--- GOAL OF THE EXERCISE ---
Your output should be the lines below from the one holding "Women's Wireless Sports" through the one holding "Topographic map of Ibiza", transcribed exactly, with no pictures.

--- EXTRACTED ENTRIES ---
((

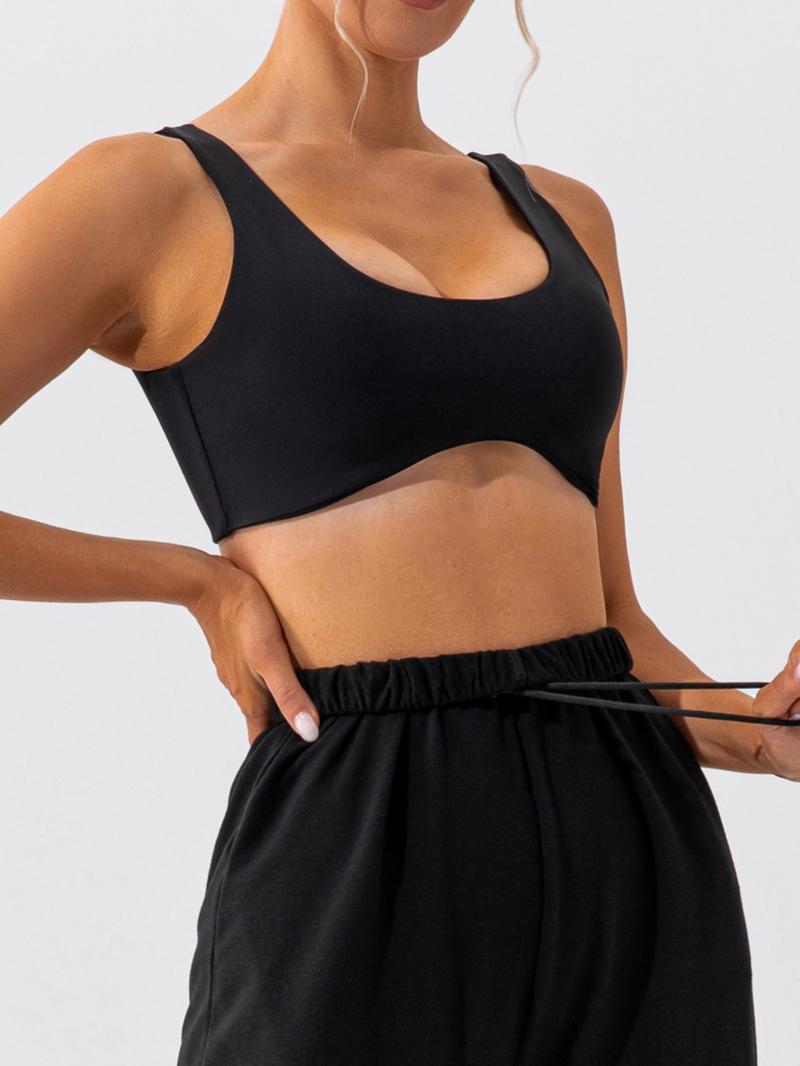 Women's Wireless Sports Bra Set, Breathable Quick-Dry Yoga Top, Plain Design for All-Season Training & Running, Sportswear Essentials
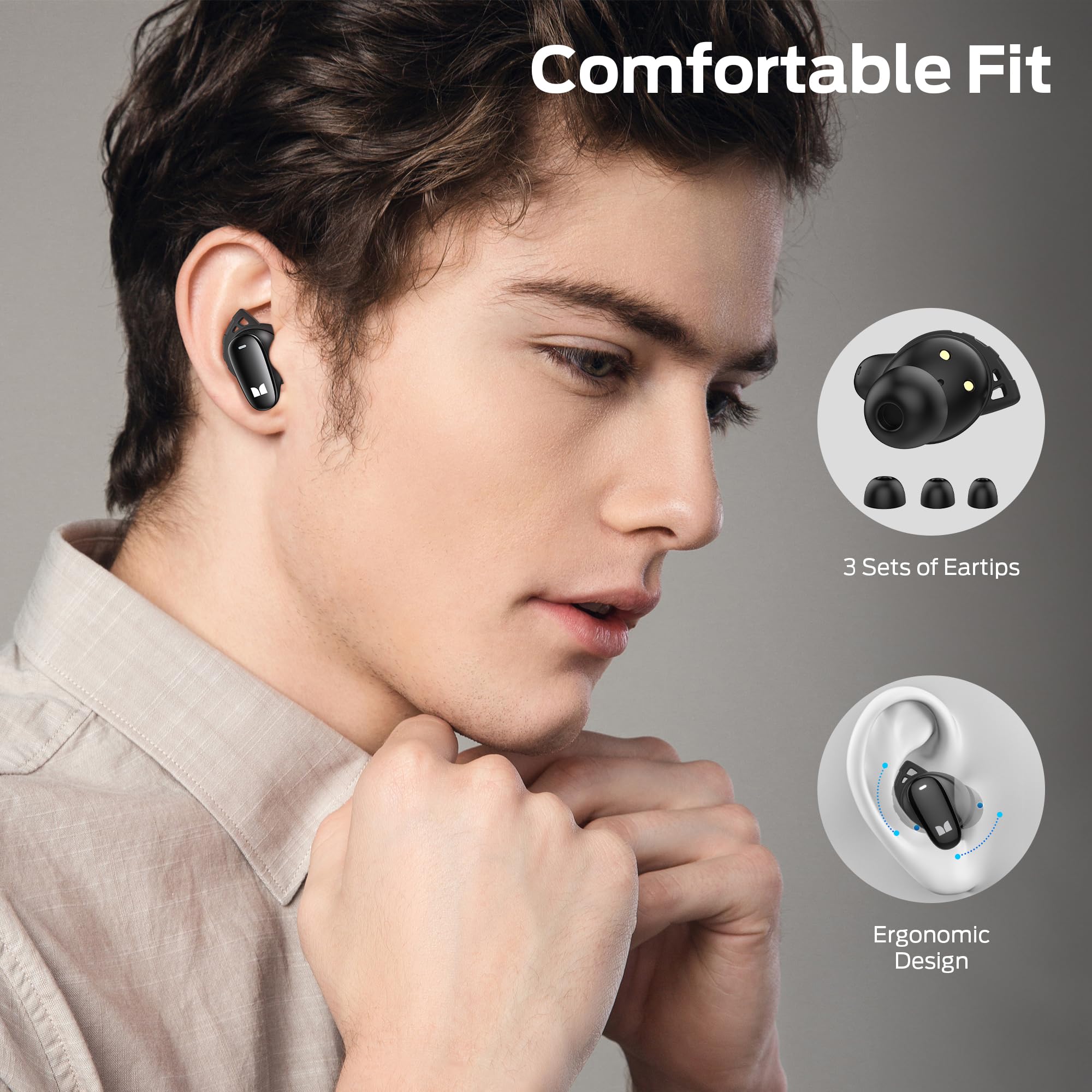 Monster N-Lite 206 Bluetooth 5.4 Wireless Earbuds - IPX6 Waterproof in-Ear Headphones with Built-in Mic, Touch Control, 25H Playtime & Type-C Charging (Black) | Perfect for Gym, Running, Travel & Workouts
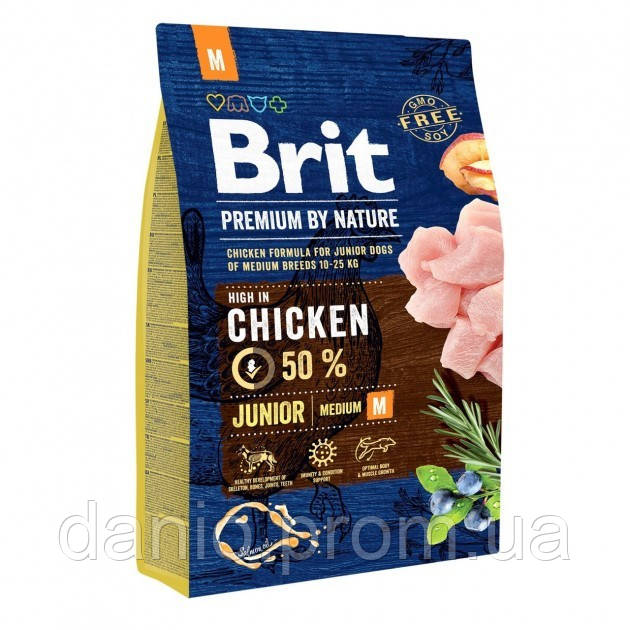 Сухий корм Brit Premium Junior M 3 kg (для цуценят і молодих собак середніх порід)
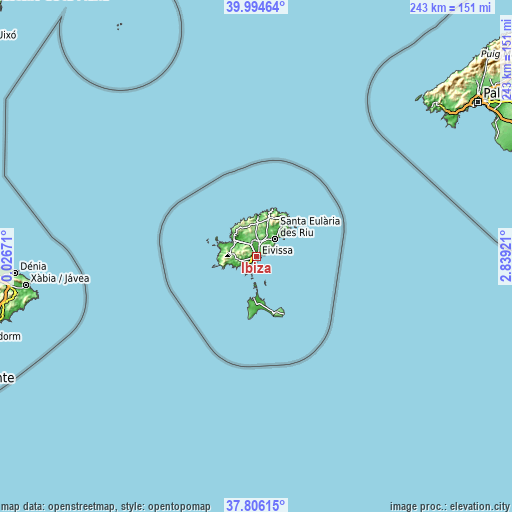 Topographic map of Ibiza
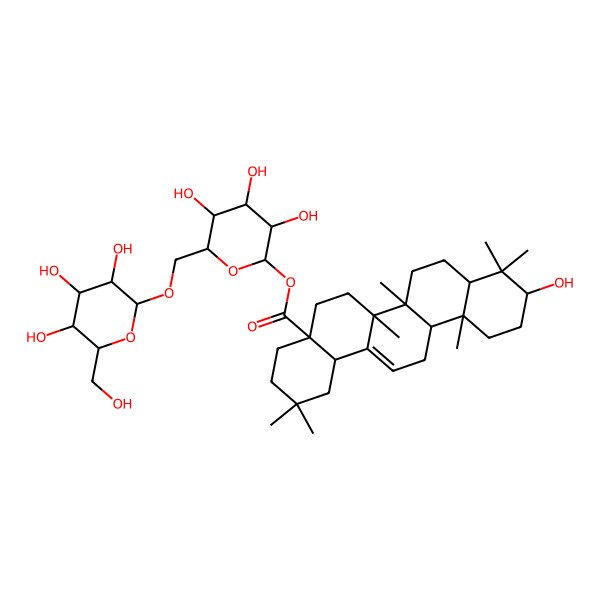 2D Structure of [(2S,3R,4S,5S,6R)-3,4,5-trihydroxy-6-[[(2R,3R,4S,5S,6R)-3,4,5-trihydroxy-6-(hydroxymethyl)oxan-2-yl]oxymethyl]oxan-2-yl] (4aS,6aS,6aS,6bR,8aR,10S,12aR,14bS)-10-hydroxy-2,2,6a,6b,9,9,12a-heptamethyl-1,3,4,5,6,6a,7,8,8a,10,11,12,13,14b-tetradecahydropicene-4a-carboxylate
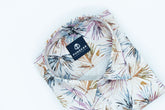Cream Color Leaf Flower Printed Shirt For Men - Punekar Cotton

))
((

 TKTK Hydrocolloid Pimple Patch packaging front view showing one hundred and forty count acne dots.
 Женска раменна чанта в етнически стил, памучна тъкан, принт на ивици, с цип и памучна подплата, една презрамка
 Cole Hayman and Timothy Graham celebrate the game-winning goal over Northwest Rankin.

))

--- ANSWER AREA ---
 Women's Wireless Sports Bra Set, Breathable Quick-Dry Yoga Top, Plain Design for All-Season Training & Running, Sportswear Essentials
 Monster N-Lite 206 Bluetooth 5.4 Wireless Earbuds - IPX6 Waterproof in-Ear Headphones with Built-in Mic, Touch Control, 25H Playtime & Type-C Charging (Black) | Perfect for Gym, Running, Travel & Workouts
 Сухий корм Brit Premium Junior M 3 kg (для цуценят і молодих собак середніх порід)
 Topographic map of Ibiza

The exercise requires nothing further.